But talking openly about your needs, desires, and concerns with your
partner can make you closer—and help you both enjoy sex and intimacy.
A good sex
life—at any age—involves a lot more than just sex. It’s also about intimacy and
touch, things anyone can benefit from. Even if you have health problems or
physical disabilities, you can engage in intimate acts and benefit from
closeness with another person. Take the pressure off by putting aside your old
ideas of what sex “should be.” Focus instead on the importance of tenderness
and contact.
Taking your time
Without
pressing workloads or young children to worry about, many older adults have far
more time to devote to pleasure and intimacy. Use your time to become more
intimate.
- Stretch your experience. Start with a romantic dinner—or breakfast—before lovemaking. Share
romantic or erotic literature and poetry. Having an experience together,
sexual or not, is a powerful way of connecting intimately.
- Don’t be shy. Hold hands and touch your partner often, and encourage him or her
to touch you. Tell your partner what you love about him/her, and share
your ideas about new sexual experiences you might have together.
- Relax. Find something that relaxes both partners, whether it’s trying
massage or baths together. Relaxation fosters confidence and comfort, and
can help both erectile and dryness problems.
Expanding your definition of sex
Sexuality necessarily takes on a
broader definition as we age. Try to open up to the idea that sex can mean many
things, and that closeness with a partner can be expressed in many ways.

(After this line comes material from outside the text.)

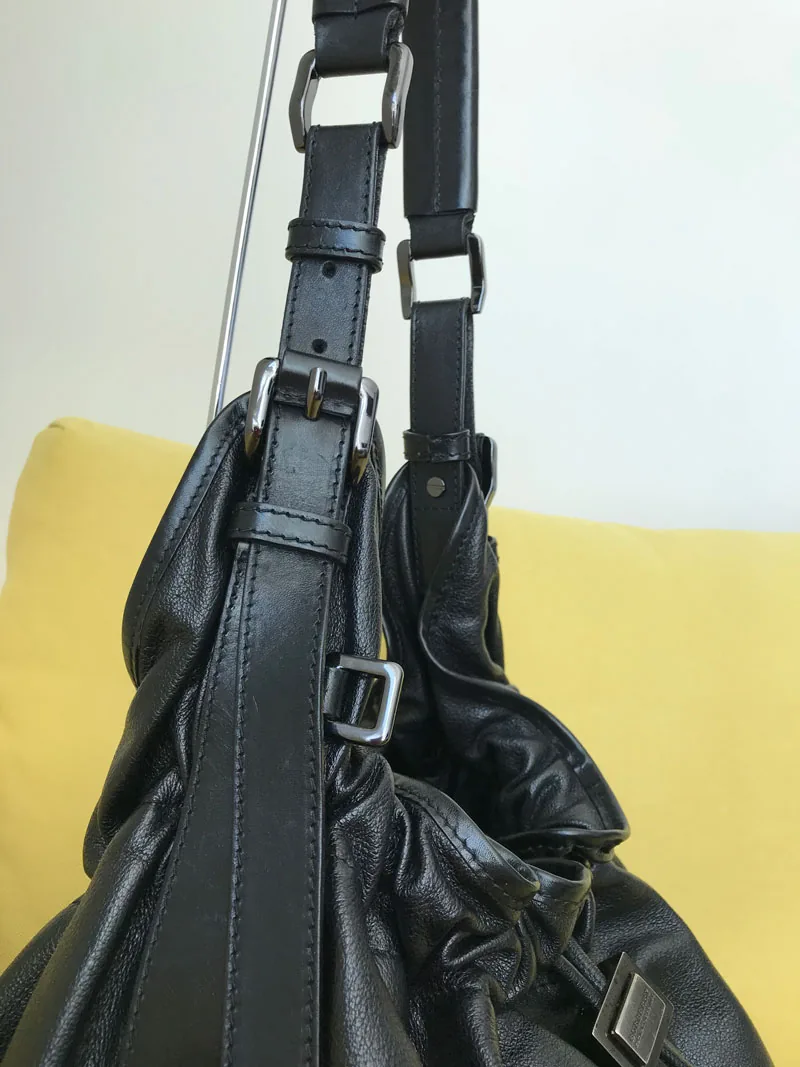 Burberry Black Leather “Warrior” Drawstring Tote — image 9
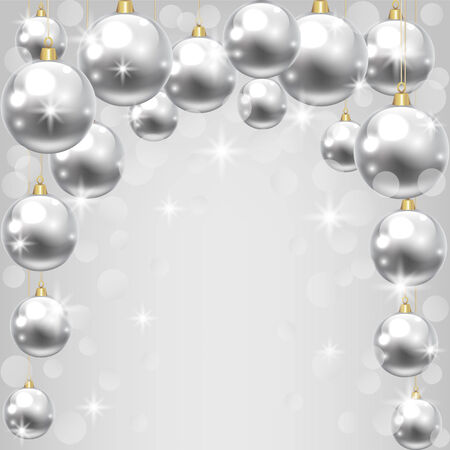 Christmas card with silver baubles on shiny backgroundのイラスト素材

- It’s not just about intercourse. Sex can also be about emotional pleasure, sensory pleasure, and relationship pleasure. Intercourse is only one way to have fulfilling sex. Touching, kissing, and other intimate sexual contact can be just as rewarding for both you and your partner.

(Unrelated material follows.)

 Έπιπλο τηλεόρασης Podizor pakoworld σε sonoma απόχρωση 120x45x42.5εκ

- Natural changes. As you age, it's normal for you and your partner to have different
sexual abilities and needs. Find new ways to enjoy sexual contact and
intimacy. You may have intercourse less often than you used to, but the
closeness and love you feel will remain.
You might not
be as comfortable with some sexual positions as you once were, but that doesn’t
mean you need to give up an activity that is pleasurable for you—and miss out
on feeling close to your partner. Keep in mind that it’s not all about
intercourse or recreating the way things were when you were younger. The key to
a great sex life is finding out what works for you now. Sex as you age may call
for some creativity. Use the following ideas as inspiration, but don’t be
afraid to come up with your own.
- Experiment. Try sexual positions that you both find comfortable and
pleasurable, taking changes into account. For men, if erectile dysfunction
is an issue, try sex with the woman on top, as hardness is less important.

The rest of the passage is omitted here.